Pirates, princes, priests and heroes come together in this tale of magic, dark gods and piracy on the high seas. Squire James, of Prince Arutha's court, is sent to recover the stolen gem known as the Tear of the Gods. The gem is said to be the conduit through which man can talk to the gods and if it is lost it could lead to terrible suffering throughout the land.

The gem is in a sunken ship at the bottom of the sea and a race is on to see whether the light or dark side can get to it first. Accompanying James on his quest is the formidable mage Jazhara and together they shall strive to overcome the obstacles of evil placed before them.
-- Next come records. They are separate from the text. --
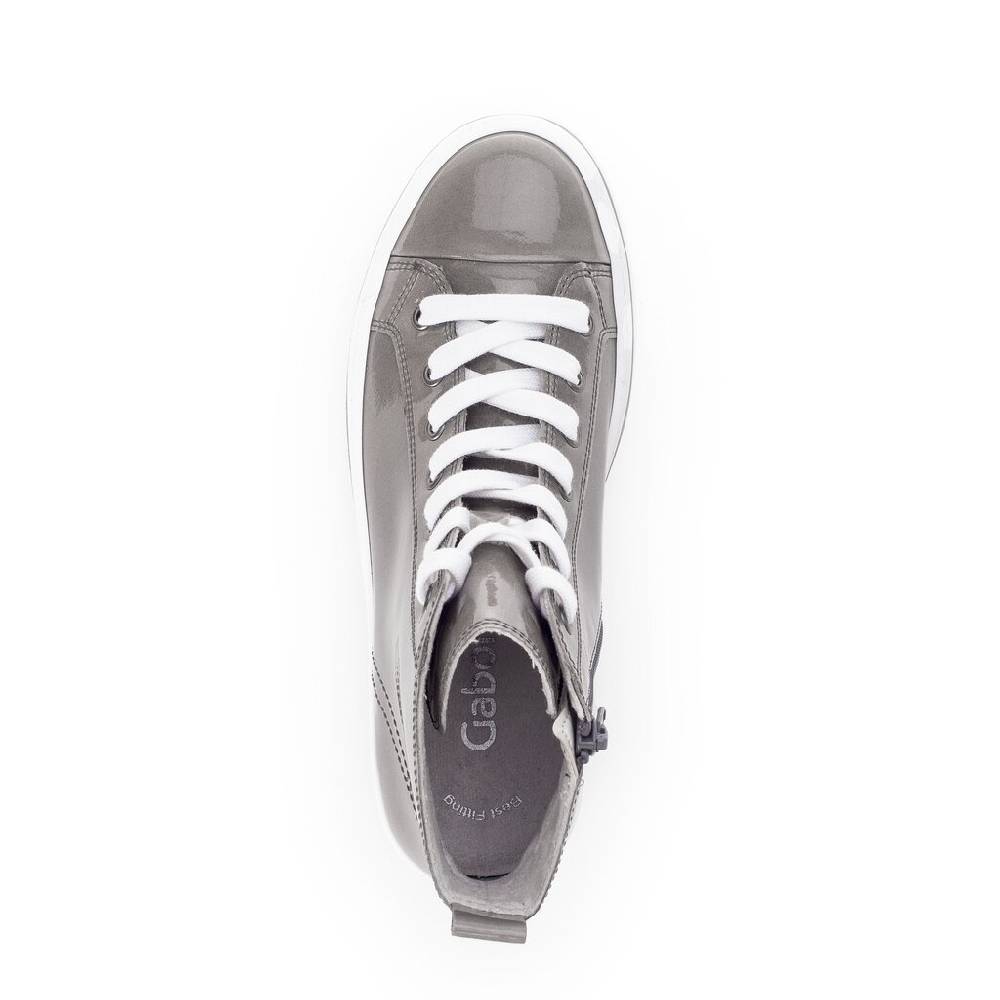 Pius Gabor Sneaker High Grau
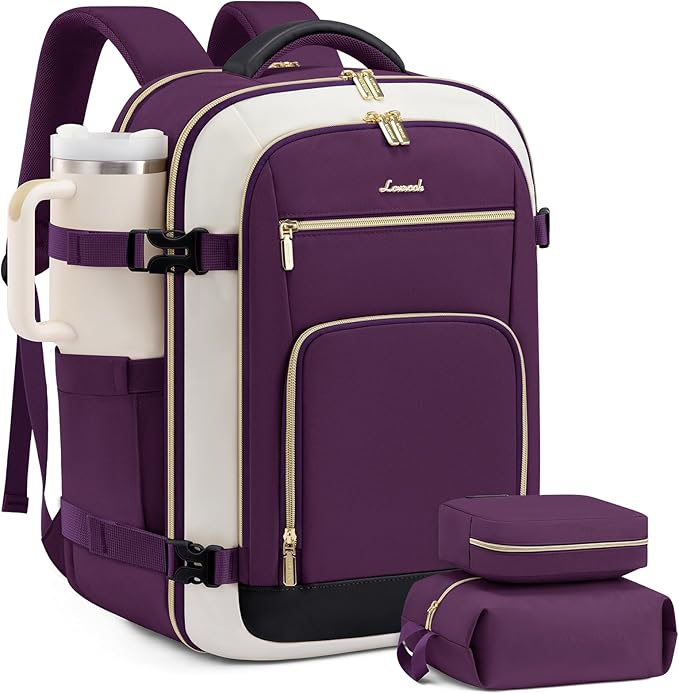 LOVEVOOK Carry On Travel Backpack by LOVEVOOK
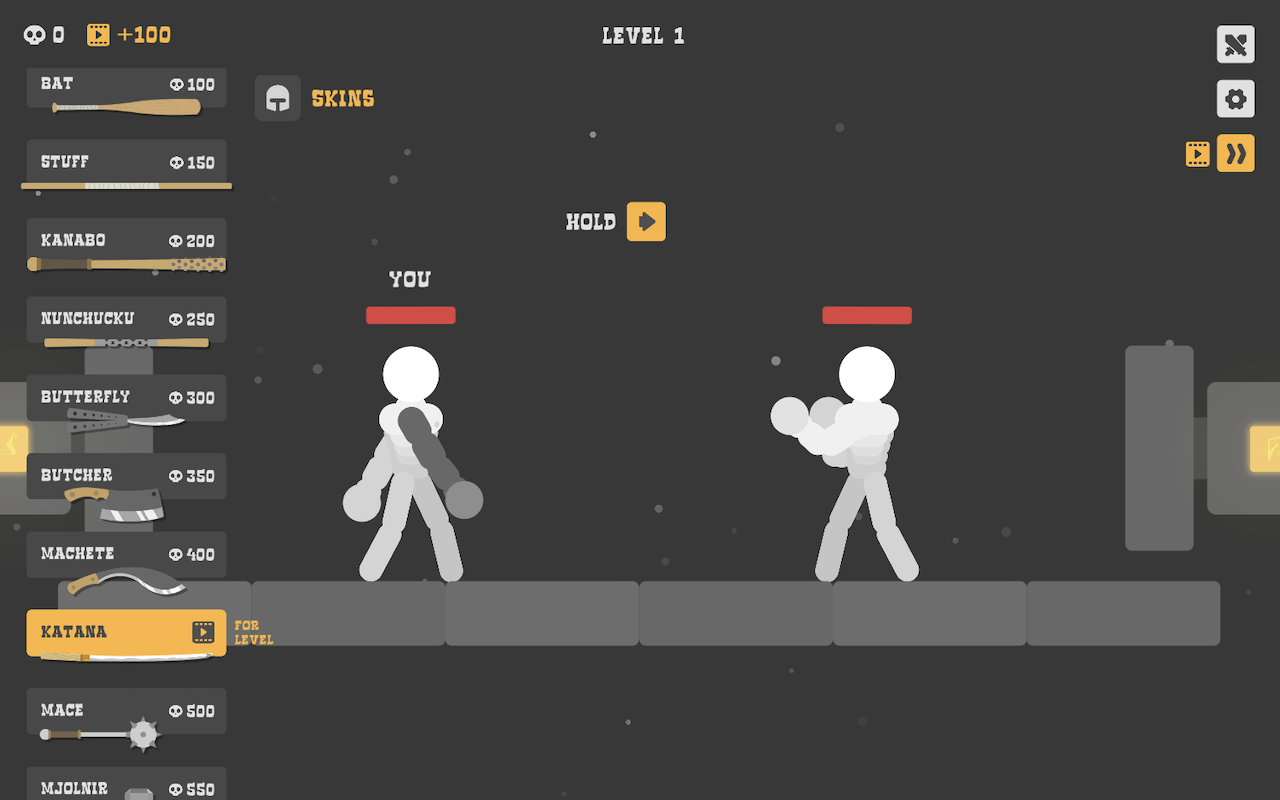 Ragdoll Hit Game - 截图 3
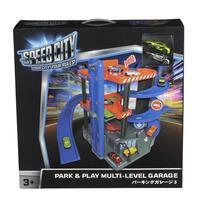 Speed City城市快线 泊车乐趣多层车库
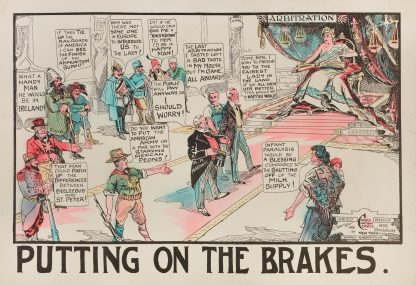 Putting on the Brakes by Carey Cartoon Service
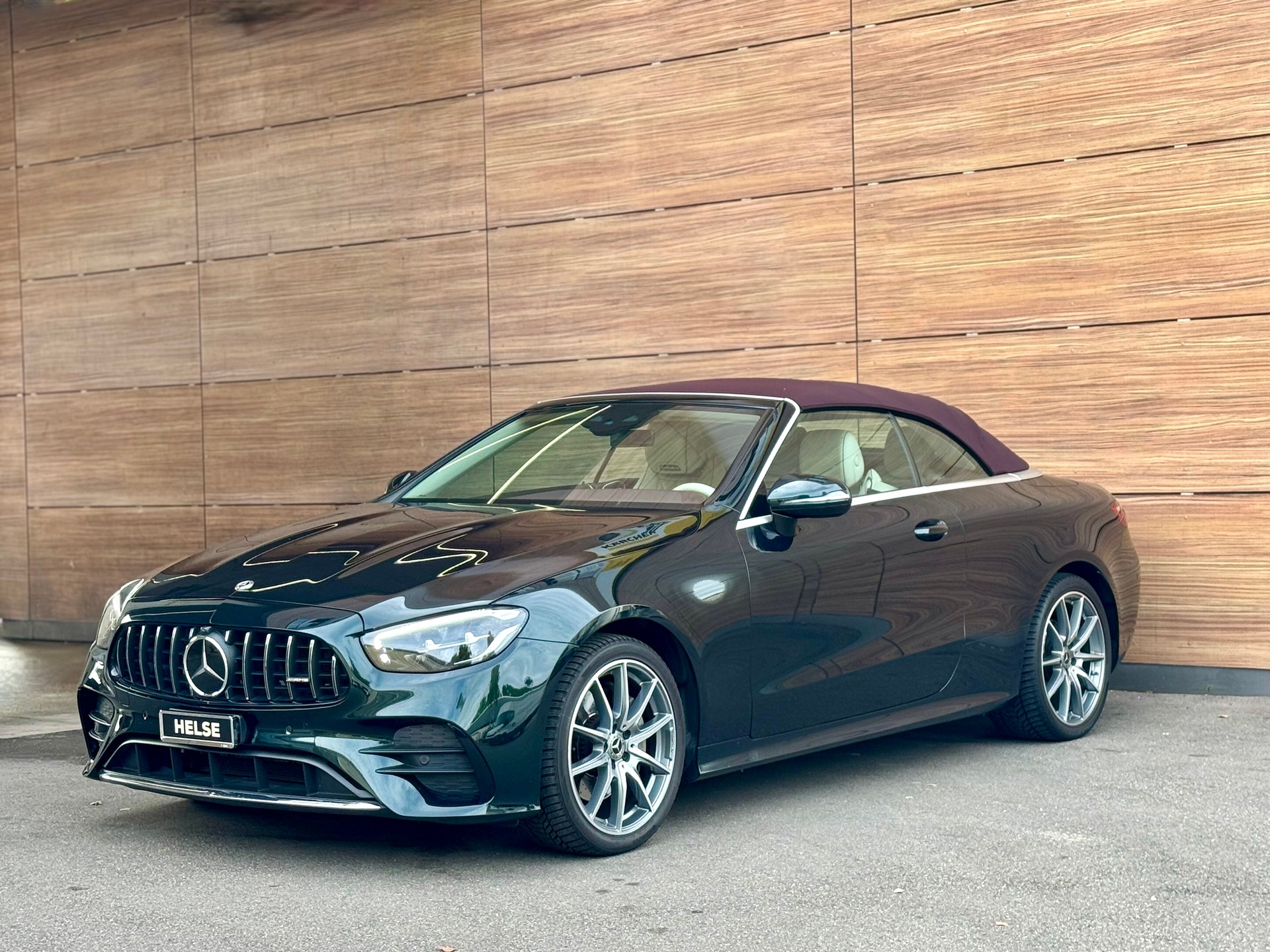 MERCEDES-BENZ E 200 Cabriolet 4Matic AMG Line 9G-Tronic - Designo Package -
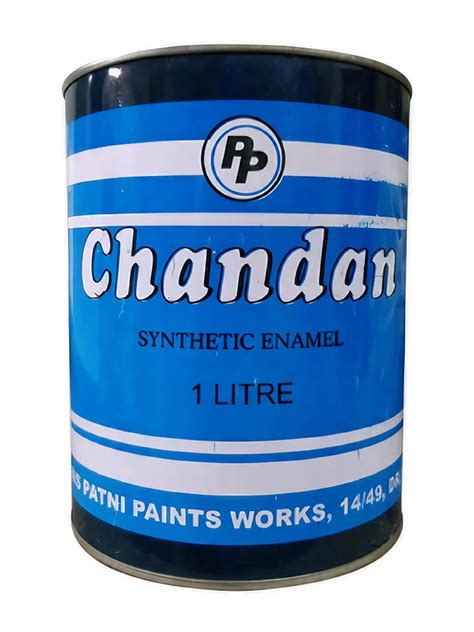 CHANDAN High Gloss Syn Red Oxide Paint 20 Ltr, Metal at Rs 800 ...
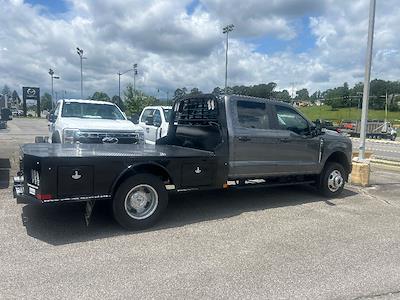 New 2024 Ford F-350 XL Crew Cab 4WD Flatbed Truck for sale #SFC34448 - photo 1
Raymond E. Feist introduced the world of Midkemia in his first novel, 'Magician', in 1982. Now with thirteen books in print and two computer games on the market he has a global fan base and is a regular on the New York Times Bestseller List. Considering all this success it's quite surprising that his writing is just so poor.

Feist's earlier novels are nowhere near as bad as this one. He put more heart and soul into them and it was clear he was developing his world and his characters for the love of it. Certainly his target audience were teenagers but his writing was of sufficient quality that it made acceptable adult fiction.

What followed was success, money and a guaranteed audience. A note at the start of the book gives you due warning for what's to come. This book is based on the plot of a computer game co-devised by Feist. The characters are shallow, the dialogue used only to repeat over and over again the key elements of the plot as the characters talk to each like idiot robots. The plot itself is linear and compartmentalised, like a mini-series. Even the editing is poor, with the same phrase appearing twice or three times in paragraphs throughout the book.

Feist was really phoning it in for this one and his previous success is no excuse for publishing this kind of wasted paper. Still and all I expect it will do quite well and make the money for both the publishers and Feist, which is presumably the only reason he bothered to write this book.